Take the line containing "Hombres | Tag" and every line after it to the end of the records, and copy them exactly, excluding pictures.

[[ Input open ]]

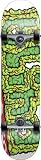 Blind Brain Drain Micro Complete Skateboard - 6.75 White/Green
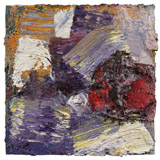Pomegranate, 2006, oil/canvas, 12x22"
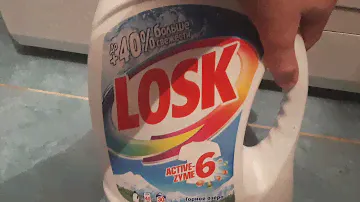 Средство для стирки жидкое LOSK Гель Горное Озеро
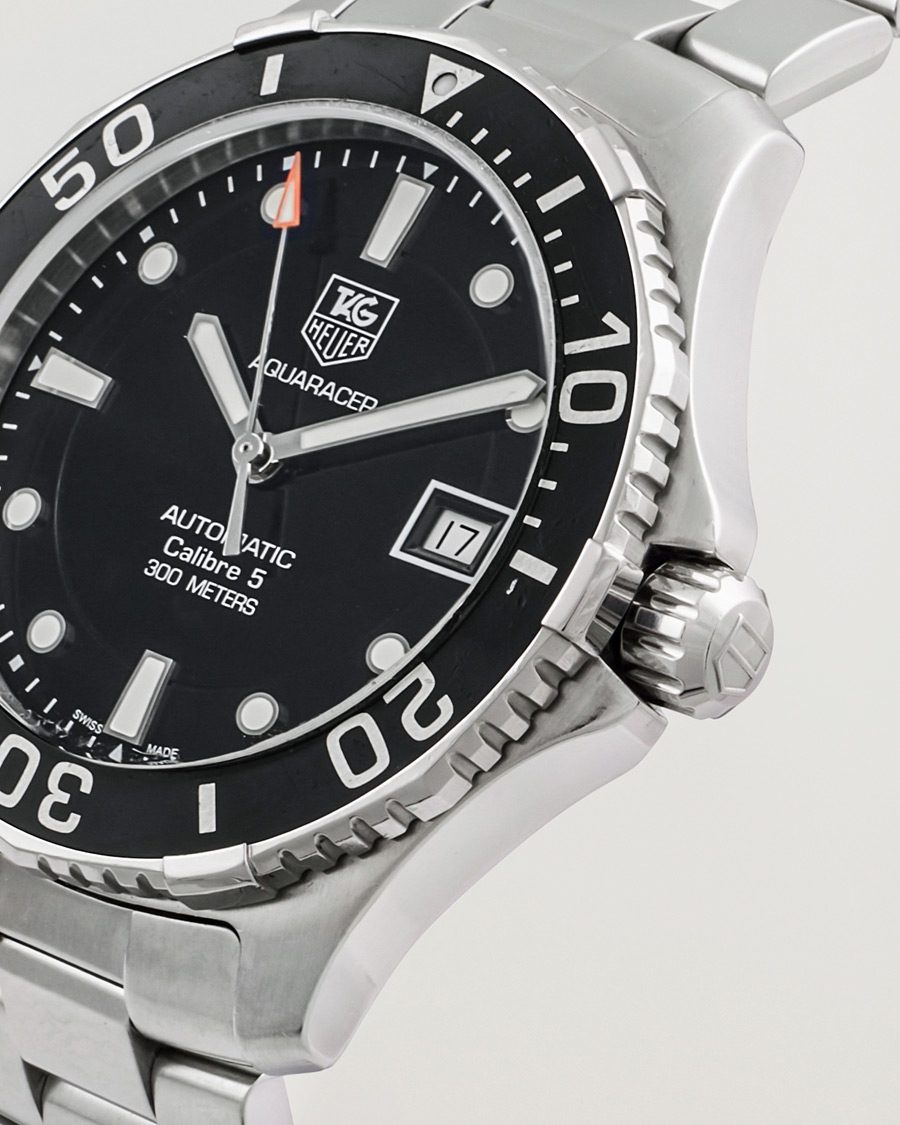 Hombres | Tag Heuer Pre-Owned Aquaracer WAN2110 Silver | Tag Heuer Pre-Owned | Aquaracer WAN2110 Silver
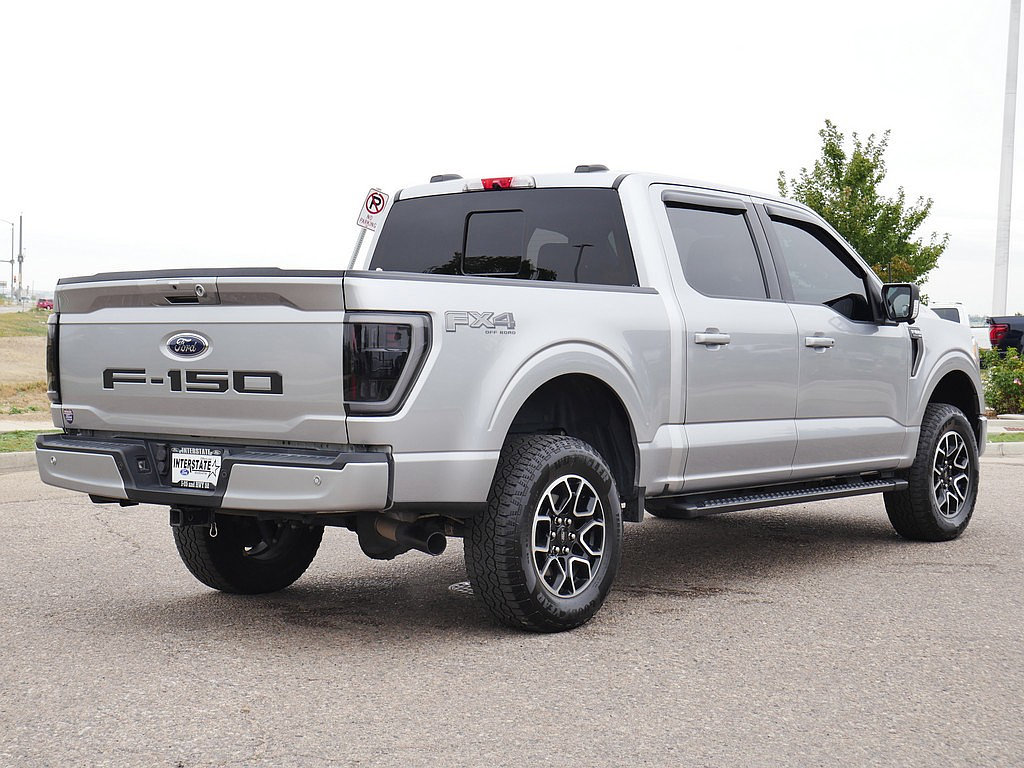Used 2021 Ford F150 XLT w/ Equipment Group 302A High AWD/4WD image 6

[[ Input closed ]]

## Your response
 Hombres | Tag Heuer Pre-Owned Aquaracer WAN2110 Silver | Tag Heuer Pre-Owned | Aquaracer WAN2110 Silver
Used 2021 Ford F150 XLT w/ Equipment Group 302A High AWD/4WD image 6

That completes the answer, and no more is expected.